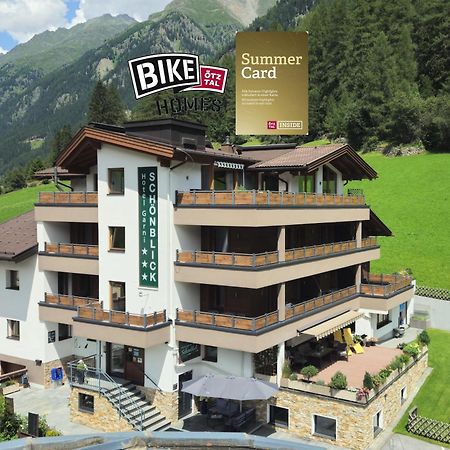 Hotel Garni Schoenblick Зёльден Экстерьер фото
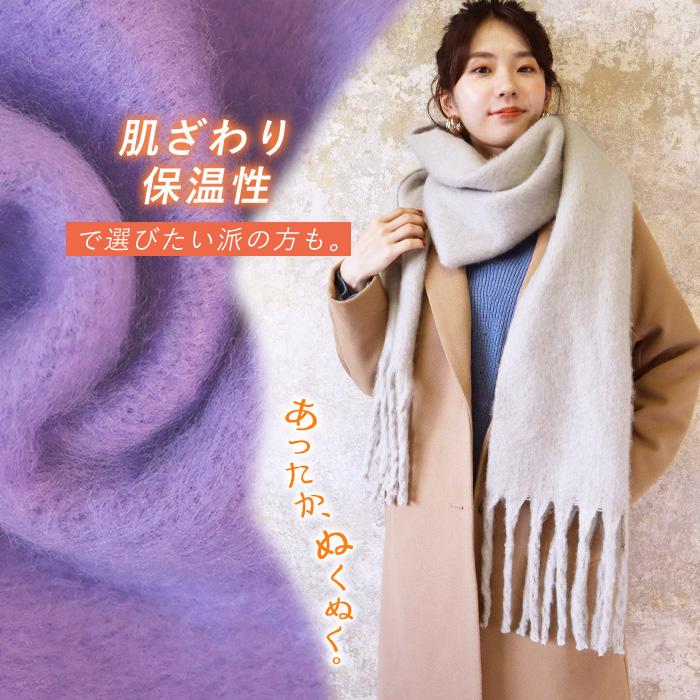 マフラー レディース 無地 厚手 大判 ストール シンプル ブランケット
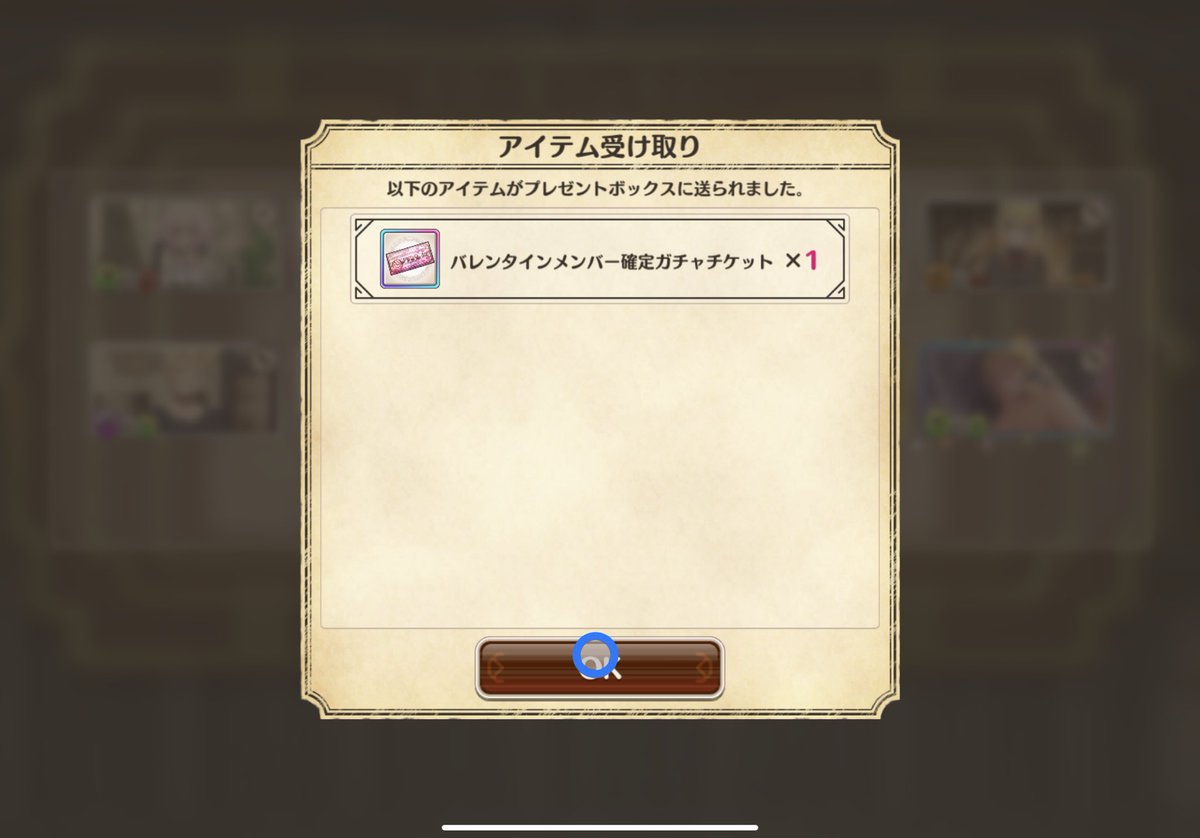 シルキーようつべ＠このファン tweet media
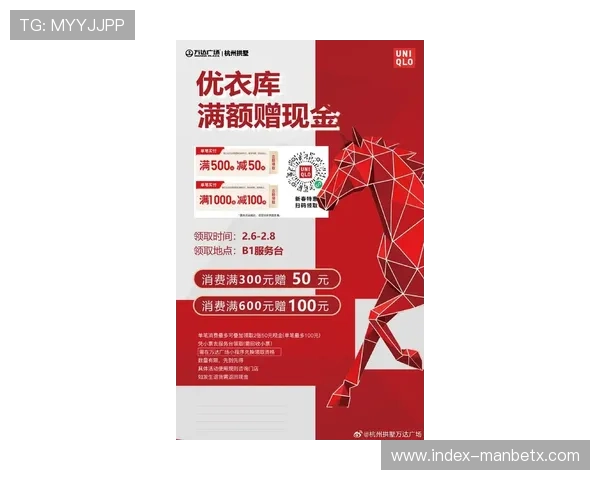 万博购彩优惠：最新的优惠券和彩金赠送活动，助您轻松增加购彩资金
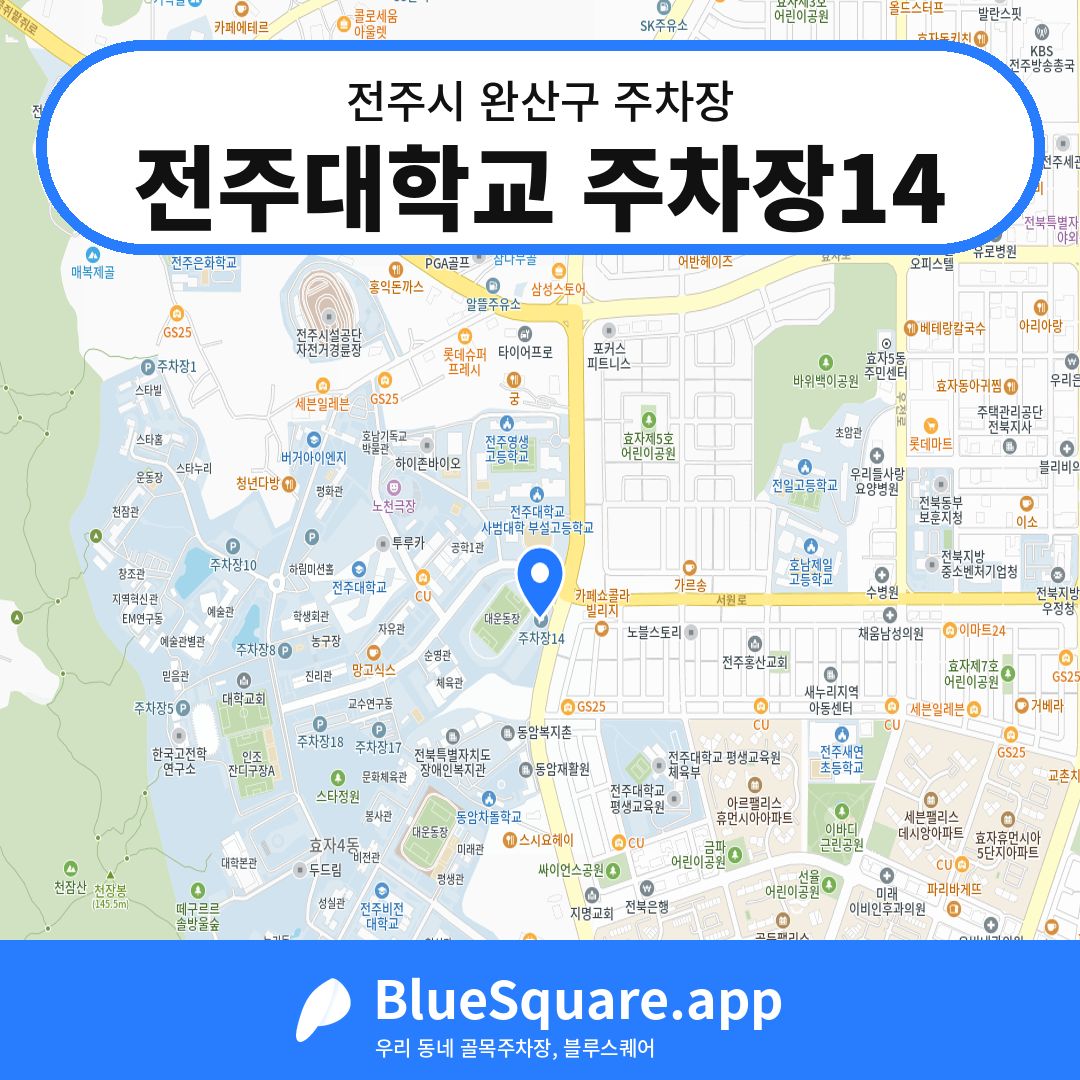 전주대학교 주차장14 위치 지도 — 전북 전주시 완산구 | 블루스퀘어 주차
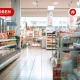 6-contoh-bisnis-retail-paling-menguntungkan-di-indonesia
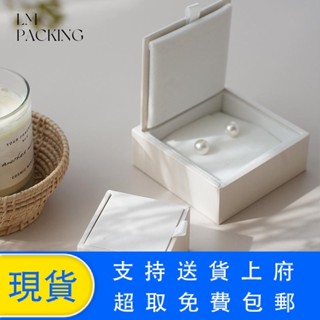 【現貨木盒】首飾珠寶輕奢木質包裝盒可印logo戒指項鍊耳環徽章禮物盒飾品收納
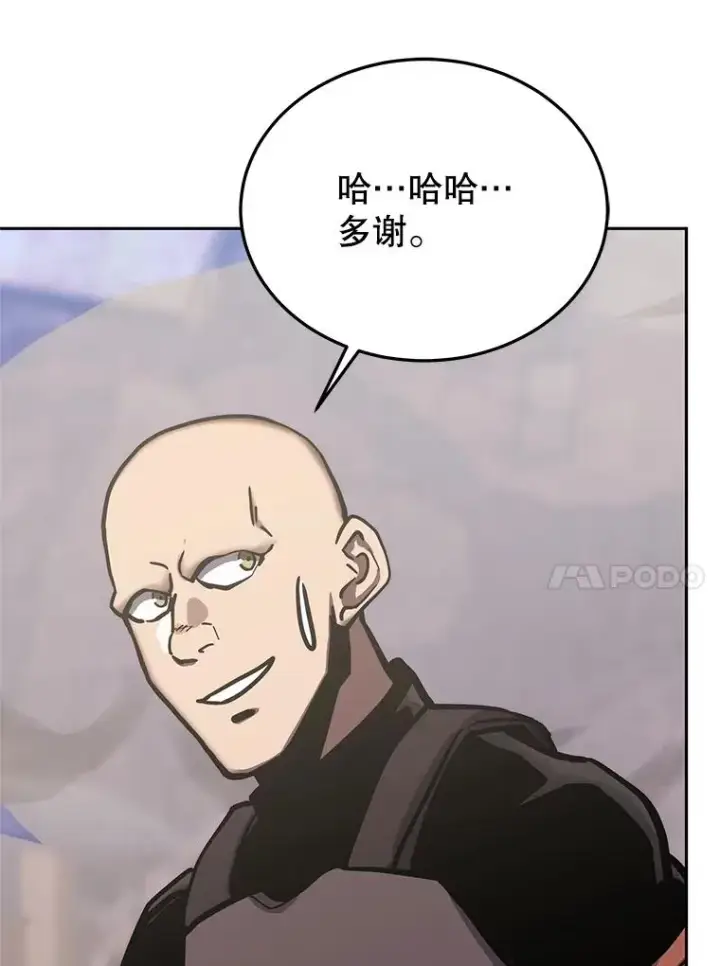 漫画《今天开始当玩家》123.死而复生？第124张图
--------------------------------
**PROMPT:**
Verbatim, write out the line containing "6-contoh-bisnis-retail-paling-menguntungkan-di-indonesia" and all later lines through the end of the records, leaving every picture out.

**RESPONSE TO THIS TASK:**
 6-contoh-bisnis-retail-paling-menguntungkan-di-indonesia
 【現貨木盒】首飾珠寶輕奢木質包裝盒可印logo戒指項鍊耳環徽章禮物盒飾品收納
 漫画《今天开始当玩家》123.死而复生？第124张图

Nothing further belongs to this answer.